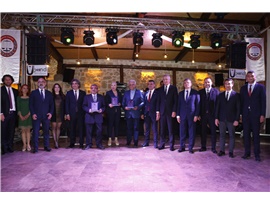 AVUKATLIK MESLEĞİNİN DUAYENLERİNE PLAKET TAKDİM EDİLDİ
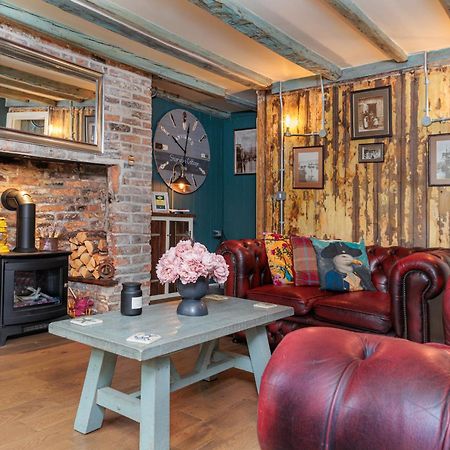 Boutique Fisherman'S Cottage In Old Town สการ์โบโรห์ ภายนอก รูปภาพ
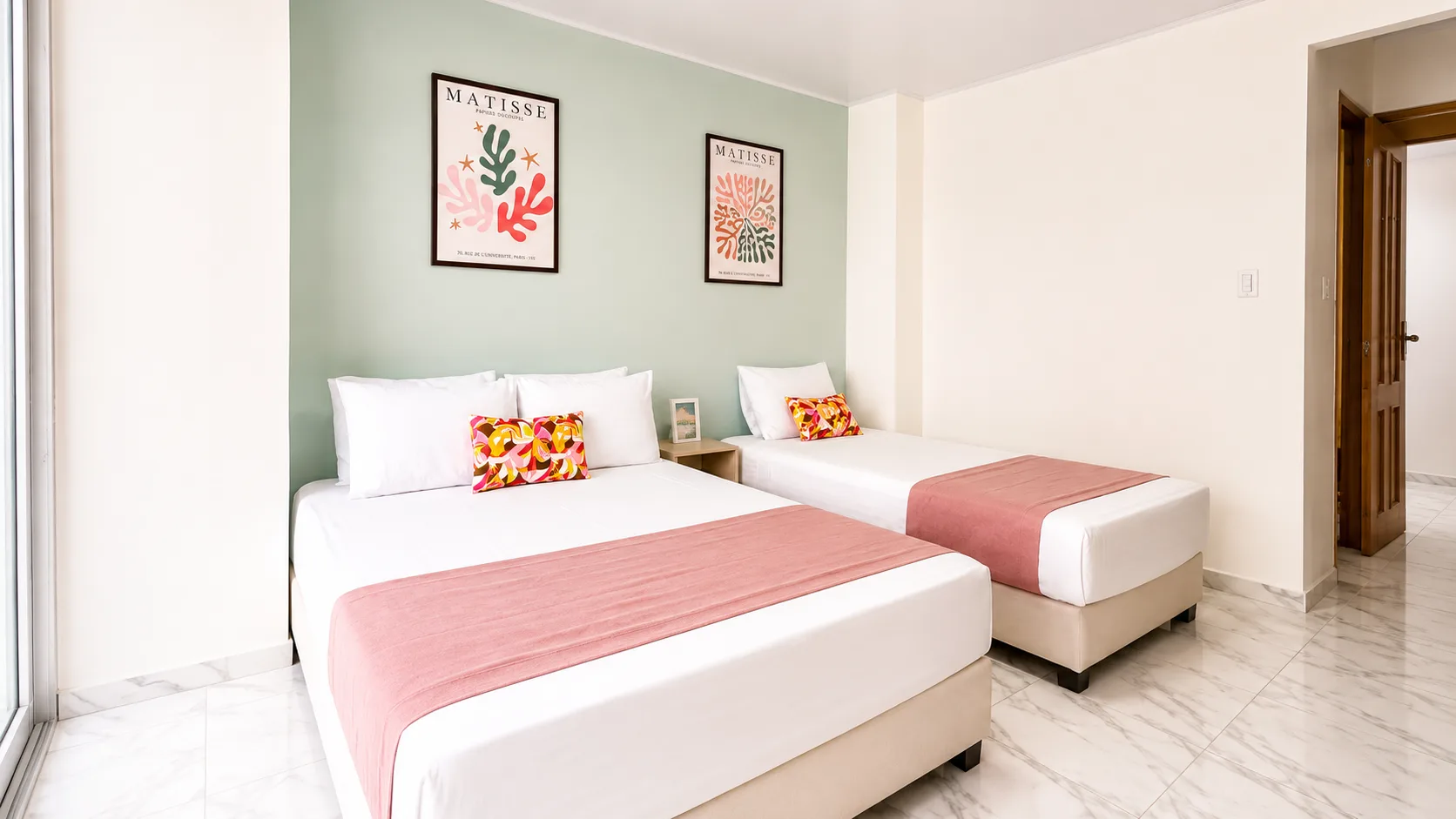 Habitación Triple con dos camas y láminas botánicas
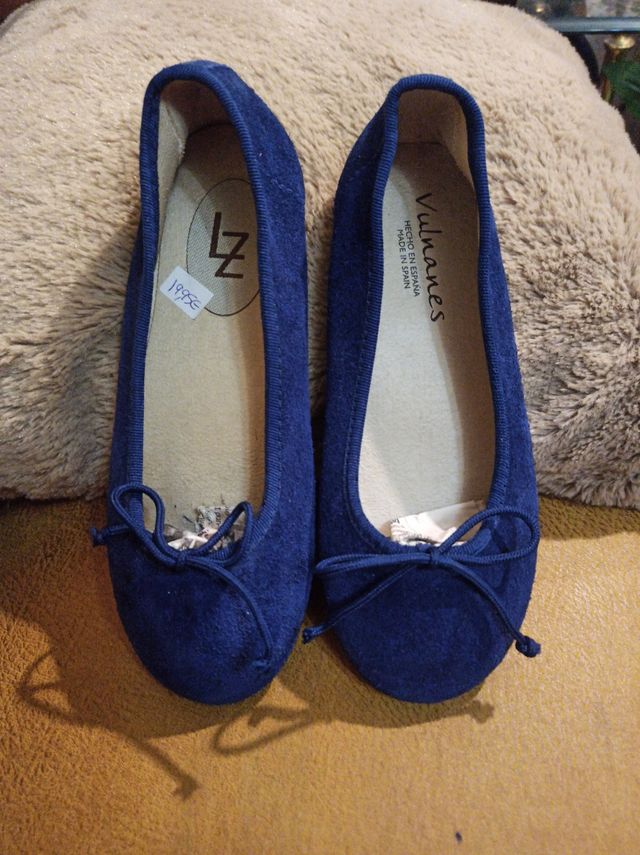 Zapatos, manoletinasT 32 nuevos,de ante,Vulnanes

_YOUR INSTRUCTIONS_
The answer should be the complete listing, set down exactly, without pictures.

_SOLUTION TO THE PROBLEM_
 AVUKATLIK MESLEĞİNİN DUAYENLERİNE PLAKET TAKDİM EDİLDİ
 Boutique Fisherman'S Cottage In Old Town สการ์โบโรห์ ภายนอก รูปภาพ
 Habitación Triple con dos camas y láminas botánicas
 Zapatos, manoletinasT 32 nuevos,de ante,Vulnanes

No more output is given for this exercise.